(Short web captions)
────────────────

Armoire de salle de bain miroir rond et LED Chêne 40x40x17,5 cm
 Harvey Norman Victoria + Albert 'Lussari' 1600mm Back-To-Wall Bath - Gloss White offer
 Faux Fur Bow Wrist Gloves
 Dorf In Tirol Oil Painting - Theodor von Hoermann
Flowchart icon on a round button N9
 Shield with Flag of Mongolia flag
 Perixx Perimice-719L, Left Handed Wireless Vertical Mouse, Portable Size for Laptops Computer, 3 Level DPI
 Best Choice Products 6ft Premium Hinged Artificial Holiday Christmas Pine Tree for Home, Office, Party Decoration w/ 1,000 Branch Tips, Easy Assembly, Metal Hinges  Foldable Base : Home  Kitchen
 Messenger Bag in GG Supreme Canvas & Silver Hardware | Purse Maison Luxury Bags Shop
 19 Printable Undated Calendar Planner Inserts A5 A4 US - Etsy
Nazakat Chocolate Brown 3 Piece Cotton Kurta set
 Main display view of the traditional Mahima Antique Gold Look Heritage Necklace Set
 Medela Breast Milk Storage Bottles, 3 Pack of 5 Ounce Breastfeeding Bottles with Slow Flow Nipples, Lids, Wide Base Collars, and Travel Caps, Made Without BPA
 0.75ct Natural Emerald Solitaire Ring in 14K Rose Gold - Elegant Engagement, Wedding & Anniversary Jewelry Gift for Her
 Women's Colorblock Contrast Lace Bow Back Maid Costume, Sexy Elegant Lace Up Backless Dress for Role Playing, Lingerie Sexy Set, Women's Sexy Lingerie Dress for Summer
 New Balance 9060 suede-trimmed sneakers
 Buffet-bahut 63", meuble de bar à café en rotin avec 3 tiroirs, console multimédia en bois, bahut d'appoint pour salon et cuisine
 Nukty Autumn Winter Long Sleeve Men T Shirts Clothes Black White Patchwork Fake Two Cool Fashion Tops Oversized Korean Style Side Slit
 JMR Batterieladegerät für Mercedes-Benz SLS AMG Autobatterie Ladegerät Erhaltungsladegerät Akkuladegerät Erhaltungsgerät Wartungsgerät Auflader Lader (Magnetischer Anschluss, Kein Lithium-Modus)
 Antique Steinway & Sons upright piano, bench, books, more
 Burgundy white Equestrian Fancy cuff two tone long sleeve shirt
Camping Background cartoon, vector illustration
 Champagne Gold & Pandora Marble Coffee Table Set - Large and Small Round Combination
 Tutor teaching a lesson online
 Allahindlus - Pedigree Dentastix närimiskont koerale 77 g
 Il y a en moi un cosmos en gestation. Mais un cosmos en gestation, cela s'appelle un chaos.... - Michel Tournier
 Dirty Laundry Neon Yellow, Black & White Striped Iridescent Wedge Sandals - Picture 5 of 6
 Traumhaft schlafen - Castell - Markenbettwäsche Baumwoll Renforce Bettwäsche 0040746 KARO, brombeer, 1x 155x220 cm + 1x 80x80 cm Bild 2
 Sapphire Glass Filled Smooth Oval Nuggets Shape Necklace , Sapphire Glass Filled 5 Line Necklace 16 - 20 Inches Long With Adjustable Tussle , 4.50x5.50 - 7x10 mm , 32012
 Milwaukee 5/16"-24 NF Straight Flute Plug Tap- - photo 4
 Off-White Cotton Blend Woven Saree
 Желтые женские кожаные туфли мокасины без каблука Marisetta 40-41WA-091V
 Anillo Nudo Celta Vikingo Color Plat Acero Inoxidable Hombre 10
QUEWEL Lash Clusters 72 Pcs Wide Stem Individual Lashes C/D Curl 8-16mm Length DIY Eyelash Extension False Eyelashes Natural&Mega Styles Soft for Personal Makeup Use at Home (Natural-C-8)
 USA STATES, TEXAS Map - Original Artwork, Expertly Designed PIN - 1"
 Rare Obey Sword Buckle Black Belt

────────────────

> _Exercise prompt_:
Nothing but the lines from the one holding "Желтые женские кожаные" to the end of the entries should be returned, each exactly as it stands.

> _Solution to this exercise_:
 Желтые женские кожаные туфли мокасины без каблука Marisetta 40-41WA-091V
 Anillo Nudo Celta Vikingo Color Plat Acero Inoxidable Hombre 10
QUEWEL Lash Clusters 72 Pcs Wide Stem Individual Lashes C/D Curl 8-16mm Length DIY Eyelash Extension False Eyelashes Natural&Mega Styles Soft for Personal Makeup Use at Home (Natural-C-8)
 USA STATES, TEXAS Map - Original Artwork, Expertly Designed PIN - 1"
 Rare Obey Sword Buckle Black Belt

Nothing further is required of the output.